Michele Clark, a New York-based spokeswoman for Clear Channel, said yesterday the radio firm is cooperating with Spitzer's office but is not commenting on his findings.

Clear Channel and Infinity Broadcasting own a good chunk of the Pittsburgh radio market: Clear Channel has WDVE-FM, WXDX-FM, WKST-FM, WWSW-FM, WPGB-FM and WBGG-FM. Infinity owns KDKA-AM, WDSY-FM, WRKZ-FM and WZPT-FM.

Clear Channel for one has always maintained that its programming decisions are made locally, with playlists based on research and on knowing the tastes of local listeners. Two years ago, Clear Channel announced a company-wide zero tolerance for pay-for-play practices and severed ties with independent promoters who worked as middlemen for the record companies.

Payola, or the practice of accepting money to give specific records more airplay, is one of the more shameful chapters in music radio history. It's been illegal since 1960, but since then, the practice has morphed into more subtle forms, including giving some station employees expensive gifts, like vacations or electronic equipment, paying for frequent airplay under the guise of advertising, and contributing prizes for listener promotions.

Pay-for-play became an issue after the deregulation of the radio industry, when large companies began buying up multiple stations, creating giants like Clear Channel and Infinity. With programming decisions in the hands of a few large companies, instead of thousands of individual stations, their influence on the music industry became formidable.

How the Spitzer investigation will affect the way Sony and the other big music companies work with radio to get airplay remains to be seen.

What will it mean for the listener, who supposedly owns the public airwaves? Radio is already under pressure to compete with other forms of music -- from satellite radio, with its diverse formats and commercial music, and Internet radio, which offers a smorgasbord of music for every taste.

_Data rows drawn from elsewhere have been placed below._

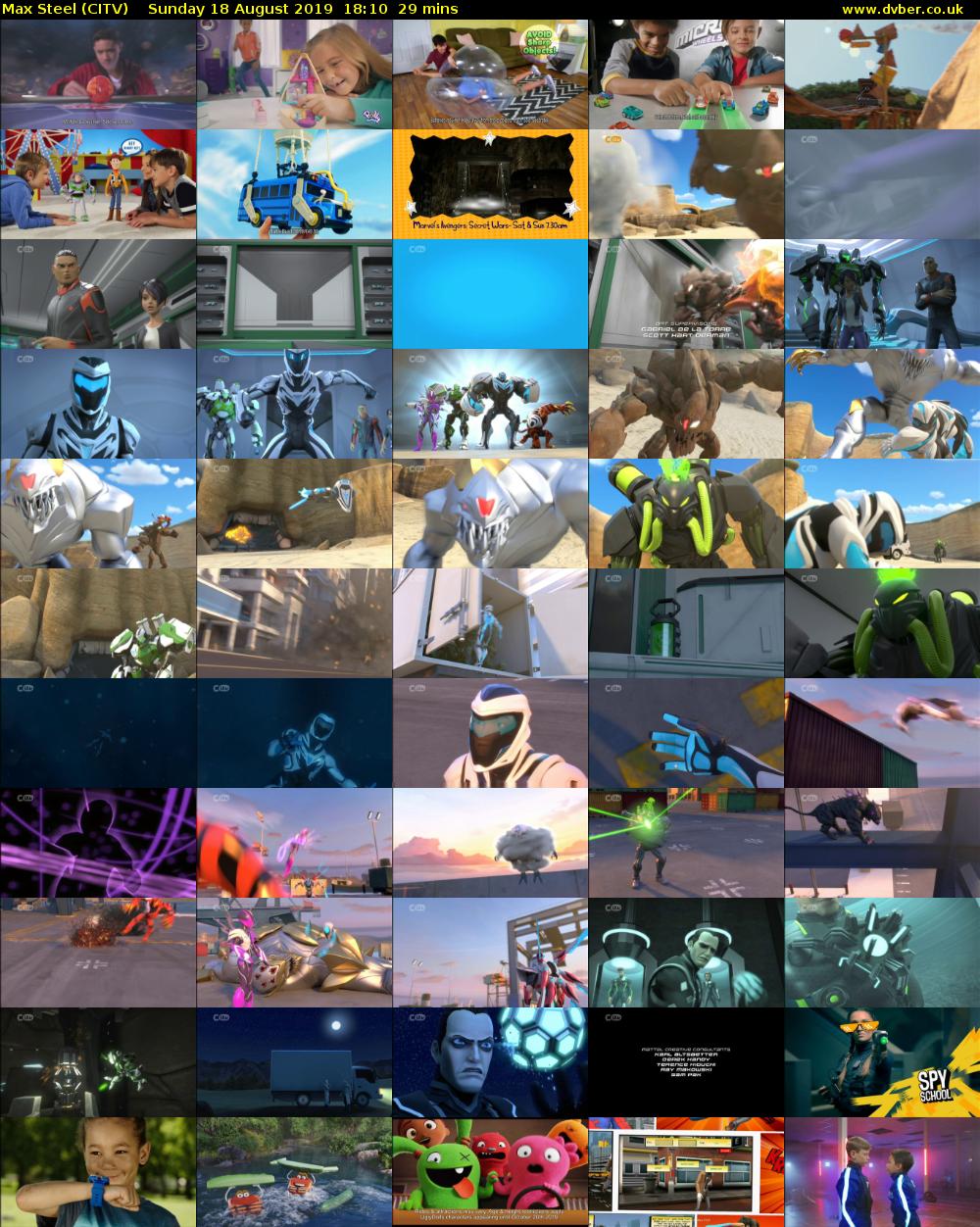 Max Steel (CITV) Sunday 18 August 2019 18:10 - 18:39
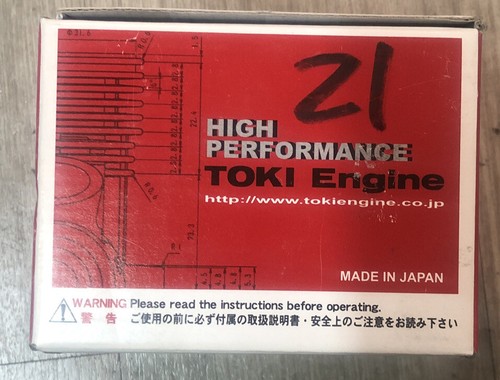 Toki Engine High performance, 21 slide carb, SG crank rear exhaust pull start - Picture 2 of 8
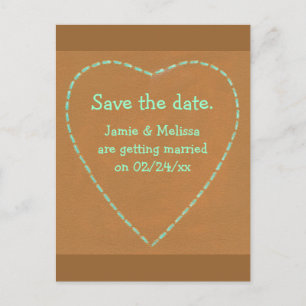 Tarjetas postales de boda para guardar la fecha, C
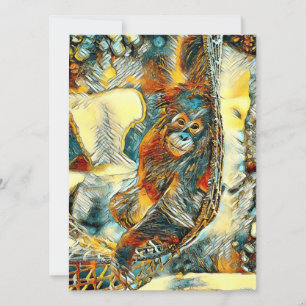 TierArt_OrangUtan_005 Feiertagskarte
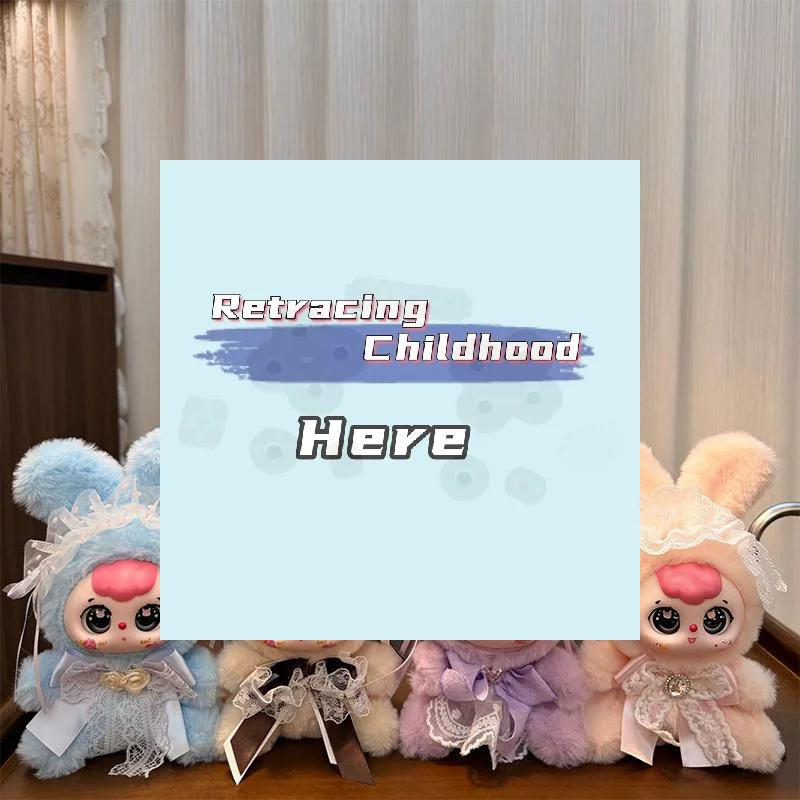 

Милый плюшевый зайчик-брелок: виниловая кукла-подвеска, украшение для рюкзака, подарок - ИГРУШКА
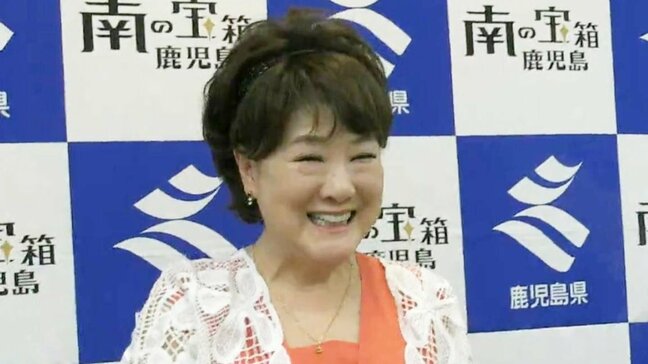 歌手・川中美幸さん「薩摩大使」に 鹿児島ゆかりの桜の歌が縁|TBS NEWS DIG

Ultimately, tightening the definitions of payola and enforcing them may benefit both music makers and music consumers. For artists without a well-oiled promotion and money machine behind them, it may level the playing field. For listeners, they may get to hear what they want -- not what the music industry wants them to hear.

Or they may get more Celine Dion.

"OK, here it is in black and white and it's serious," an Epic executive wrote in 2003, after some Infinity radio stations buried Dion's songs in their overnight rotations, despite offers of trips (or "flyaways") to meet her in Las Vegas.

"If a radio station got a flyaway to a Celine show in Las Vegas for the add, and they're playing the song all in overnights, they are not getting the flyaway. Please fix the overnight rotations immediately."